▸ Exercise details
Below are records; from the line containing "Air humidifier KT-2877-2, ultrasound, 25" through the very last line, output each line exactly. No pictures.

___ Material for this task ___

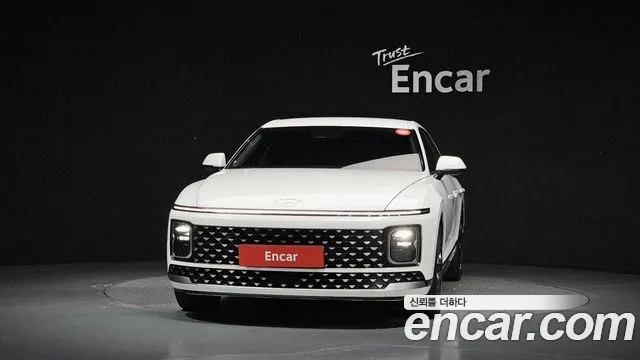 Hyundai Grandeur 2023 thumb 3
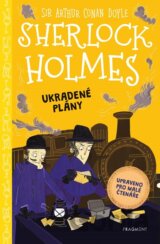 Sherlock Holmes: Ukradené plány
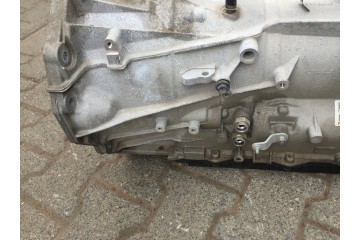 JEEP GRAND CHEROKEE WL 3 6 21 22 GEARBOX DAMAGED AFTER ACCIDENT Transmission type automatic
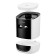 Air humidifier KT-2877-2, ultrasound, 25 watts, 4.6 l, 30 m2, black and white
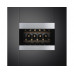 Встраиваемый холодильный шкаф для вина Smeg CVI321X3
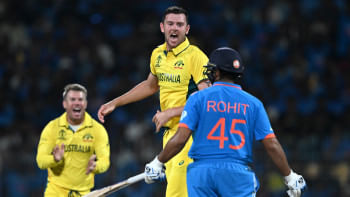 ভারত বনাম অস্ট্রেলিয়া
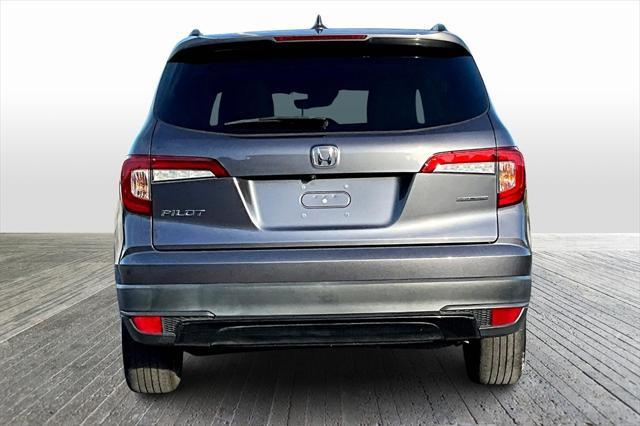 2021 honda pilot 2wd special edition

___

▸ Problem solution
 Air humidifier KT-2877-2, ultrasound, 25 watts, 4.6 l, 30 m2, black and white
 Встраиваемый холодильный шкаф для вина Smeg CVI321X3
 ভারত বনাম অস্ট্রেলিয়া
 2021 honda pilot 2wd special edition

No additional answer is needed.